Available data START
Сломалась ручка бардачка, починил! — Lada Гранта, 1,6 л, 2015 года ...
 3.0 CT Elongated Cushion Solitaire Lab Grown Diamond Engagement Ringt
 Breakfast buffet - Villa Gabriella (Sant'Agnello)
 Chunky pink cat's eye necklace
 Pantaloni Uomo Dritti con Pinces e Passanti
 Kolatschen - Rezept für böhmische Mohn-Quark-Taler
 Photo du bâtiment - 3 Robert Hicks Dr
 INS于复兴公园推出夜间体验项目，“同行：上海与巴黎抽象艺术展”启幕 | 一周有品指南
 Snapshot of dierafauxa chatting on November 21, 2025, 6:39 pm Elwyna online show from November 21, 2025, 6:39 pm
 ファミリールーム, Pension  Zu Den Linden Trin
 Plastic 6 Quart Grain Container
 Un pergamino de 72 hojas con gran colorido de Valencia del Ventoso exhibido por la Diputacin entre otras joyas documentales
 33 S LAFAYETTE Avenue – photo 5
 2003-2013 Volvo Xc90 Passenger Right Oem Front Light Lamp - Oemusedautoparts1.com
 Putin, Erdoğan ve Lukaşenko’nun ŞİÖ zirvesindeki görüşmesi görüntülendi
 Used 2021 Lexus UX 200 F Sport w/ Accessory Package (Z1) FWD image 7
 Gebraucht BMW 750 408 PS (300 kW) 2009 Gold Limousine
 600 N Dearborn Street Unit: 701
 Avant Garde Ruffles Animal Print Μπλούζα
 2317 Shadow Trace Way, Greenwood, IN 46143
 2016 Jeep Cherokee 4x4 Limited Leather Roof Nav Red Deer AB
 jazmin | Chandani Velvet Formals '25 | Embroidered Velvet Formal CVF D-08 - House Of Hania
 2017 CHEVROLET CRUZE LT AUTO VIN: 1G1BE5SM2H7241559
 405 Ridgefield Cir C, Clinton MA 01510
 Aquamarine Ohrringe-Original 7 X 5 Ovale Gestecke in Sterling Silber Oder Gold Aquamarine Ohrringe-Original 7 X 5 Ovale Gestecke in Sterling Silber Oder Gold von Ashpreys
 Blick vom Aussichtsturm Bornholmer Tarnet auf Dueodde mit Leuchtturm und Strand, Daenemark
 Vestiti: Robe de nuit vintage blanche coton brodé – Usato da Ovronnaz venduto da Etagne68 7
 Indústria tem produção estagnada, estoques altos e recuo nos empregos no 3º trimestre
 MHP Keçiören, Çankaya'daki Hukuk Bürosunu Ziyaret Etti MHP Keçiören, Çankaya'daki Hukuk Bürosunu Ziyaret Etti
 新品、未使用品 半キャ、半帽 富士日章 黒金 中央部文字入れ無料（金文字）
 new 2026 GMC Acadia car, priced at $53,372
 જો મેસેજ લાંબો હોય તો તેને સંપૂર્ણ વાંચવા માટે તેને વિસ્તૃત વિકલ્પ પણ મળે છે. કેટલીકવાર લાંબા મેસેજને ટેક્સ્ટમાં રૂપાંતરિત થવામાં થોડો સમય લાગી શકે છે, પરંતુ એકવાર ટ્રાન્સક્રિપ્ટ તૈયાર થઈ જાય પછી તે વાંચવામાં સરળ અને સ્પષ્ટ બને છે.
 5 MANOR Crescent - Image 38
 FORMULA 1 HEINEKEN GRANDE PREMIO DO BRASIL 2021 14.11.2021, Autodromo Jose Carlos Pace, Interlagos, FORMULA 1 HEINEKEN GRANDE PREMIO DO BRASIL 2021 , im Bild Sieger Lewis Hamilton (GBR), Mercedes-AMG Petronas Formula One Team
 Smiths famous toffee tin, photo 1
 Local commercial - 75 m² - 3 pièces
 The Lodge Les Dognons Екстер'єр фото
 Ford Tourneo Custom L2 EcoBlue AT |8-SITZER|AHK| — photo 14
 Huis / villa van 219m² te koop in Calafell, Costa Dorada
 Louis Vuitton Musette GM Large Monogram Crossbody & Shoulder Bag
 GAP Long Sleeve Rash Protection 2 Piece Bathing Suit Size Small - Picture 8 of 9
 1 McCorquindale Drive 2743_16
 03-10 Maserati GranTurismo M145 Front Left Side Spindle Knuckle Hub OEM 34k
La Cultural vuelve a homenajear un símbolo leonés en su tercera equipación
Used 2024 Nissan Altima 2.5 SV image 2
Available data END
• Activity
Every line of the data that includes the word "Gold" should be copied.

• Answer space
 Gebraucht BMW 750 408 PS (300 kW) 2009 Gold Limousine
 Aquamarine Ohrringe-Original 7 X 5 Ovale Gestecke in Sterling Silber Oder Gold Aquamarine Ohrringe-Original 7 X 5 Ovale Gestecke in Sterling Silber Oder Gold von Ashpreys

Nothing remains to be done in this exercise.